Your company anticipated the launch of a new and improved corporate Web site like expectant parents. A teamáworked on the project for almost a year to ensure a successful delivery. Finally, the new Web site was born, and shortly thereafter the company’s outside SEO vendor noticed a drastic dip in search-engine traffic.

Unfortunately, even small, overlooked details can derail your organic search-engine results. If your company is planning a Web site redesign, don’t forget a strategy to preserve your organic search-engine positions.

Here are five frequent mistakes companies make when redesigning their Web sites and solutions to keep your page rank and your organic results healthy.

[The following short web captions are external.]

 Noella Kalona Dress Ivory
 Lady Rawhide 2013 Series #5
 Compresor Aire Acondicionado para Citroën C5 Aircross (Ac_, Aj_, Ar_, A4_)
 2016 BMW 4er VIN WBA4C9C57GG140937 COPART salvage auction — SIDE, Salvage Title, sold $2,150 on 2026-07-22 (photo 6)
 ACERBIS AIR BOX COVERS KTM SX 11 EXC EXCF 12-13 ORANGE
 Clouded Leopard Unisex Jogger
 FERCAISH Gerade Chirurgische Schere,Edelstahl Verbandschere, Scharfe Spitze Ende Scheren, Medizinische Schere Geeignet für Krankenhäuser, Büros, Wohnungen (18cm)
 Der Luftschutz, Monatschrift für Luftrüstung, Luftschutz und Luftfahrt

Lack of communication: Often this is first mistake that creates a domino effect of errors. Web site redesign should include your IT team or developer, marketing department and search team. Leaving one in the dark could lead to a preventable train wreck later. Engage these teams early, communicate your goals and apply their best practices to your strategy.

A new domain: Search algorithms favor older domains. Avoid changing your URL at all costs. Your new domain will have no history and will not have link popularity, which is essential to your organic strategy. If you must change domains, this step will save you: Set up a 301 redirect to tell the search engines that your content has permanently moved.

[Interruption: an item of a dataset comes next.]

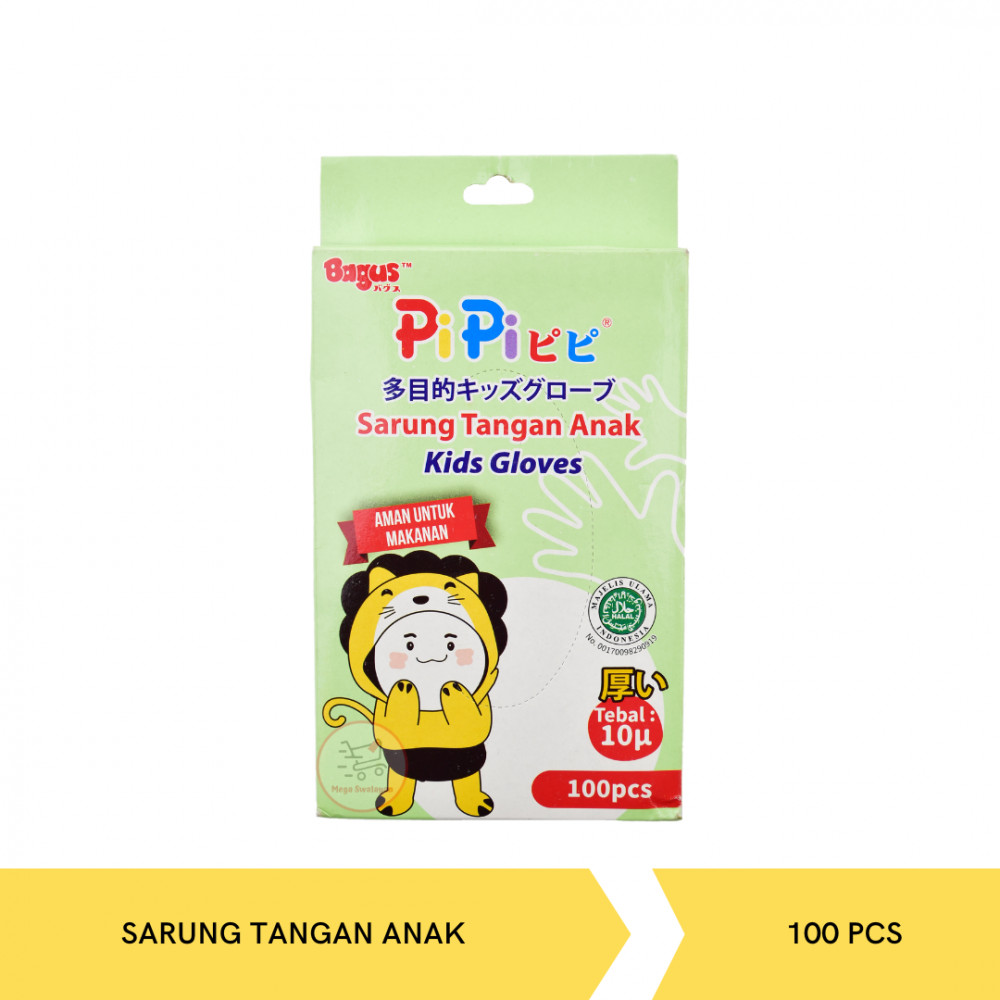 BAGUS W22730 PI PI SARUNG TANGAN ANAK 100`S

Lost optimization: Search marketers swap horror stories about how optimization that they worked on for years was wiped out overnight. Make it a requirement of your design team to transfer over file names, titles, metatags, headlines and body copy when possible.

Lost content: Some of your search-engine success may be based on optimized pages rich with valuable copy and relevant keywords. With a redesign, however, some content is eliminated from one version to the next. Evaluate your search-engine positions by page, and make sure that the content of your top-ranking pages is carried over to the new site, preserving the page’s title, metatags and body content if at all possible.

Orphaned pages: In a redesign, inside pages usually move or disappear and file names can change, causing search traffic to land on dead pages with 404 errors. And just like sending notices to relatives when you move, you need to send a similar notice to the search engines through redirects. Carefully map out the content and structure of your new and old Web sites. Give your IT department a spreadsheet showing where the two match up, and ask them to plan 301 redirects from the old pages to the new. Make sure there’s a custom 404 error page to catch traffic from pages that no longer exist. Even with good planning, you can expect the changes to get sorted out in the search engines in 30 to 90 days.